Gasoline From Water? It Could Happen
ABCNews
A worldwide competition is under way to develop technology that will revolutionize the way we power everything. from our laptops to our cars, and the United States, at the moment, has a substantiive lead.
The goal is to produce fuels — hydrogen, methane, maybe gasoline — by vastly improving on the photosynthesis that provides the fuel for plants and algae and all sorts of living things to grow.
The end goal: Turning ordinary water into fuel by beating nature at its own game. To do that you need sunlight, water and various catalysts to produce different kinds of fuel. The catalysts will likely be unlike anything seen today.
“This isn’t pie in the sky,” said chemist Nathan Lewis of the California Institute of Technology, director of this country’s ambitious effort to be the first to achieve that on a large scale. “We can do it.”
A consortium of several California research institutions beat out 19 teams across the country to win the chance to do something no one has been able to do before. The resulting Joint Center for Artificial Photosynthesis includes the Lawrence Berkeley Laboratory, the Stanford National Accelerator Laboratory, and University of California campuses at Berkeley, Santa Barbara, Irvine and San Diego.
Mini-Manhattan Project Needed for U.S. to Lead Renewable Energy
Congress awarded $22 million last September to start the project, but future funding is not certain.
If Lewis is right, the nation, and ultimately the world, will at last be able to free itself from the finite limitations of fossil fuels. That calls for a mini-Manhattan project, a no-holds-barred commitment to keep the United States at the forefront of the development of new and inexhaustible energy resources.

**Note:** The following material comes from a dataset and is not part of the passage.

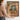 The Shuttered Balcony Wall Art in a Gold Ornate Frame, held to show its size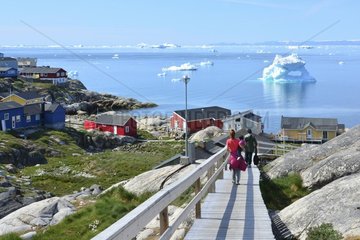 Denmark. Greenland. West coast. Wooden path in the village of Ilulissat.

The embryonic program is expected to cost up to $122 million over the next five years, and it will eventually require the full-time commitment of up to 200 top scientists and engineers. Work is already underway on two buildings, one at Caltech and the other at Lawrence Berkeley Laboratory, where the research will be conducted. It has the full support of President Obama, who highlighted it during his State of the Union address.
The technology may be just around the corner, but there are already talks in Congress of cutting the budget.
“If the cuts being proposed come through it would be devastating and we would have started the race with a lead and then blown a tire,” Lewis said in a telephone interview.
The U.S. may be in the lead, but others are not far behind. Japan recently announced a major effort to catch, if not surpass, this country and similar plans are emerging elsewhere in Asia and Europe. An enormous amount of research has to be done to bring this to fruition, but success at times seems tantalizingly close.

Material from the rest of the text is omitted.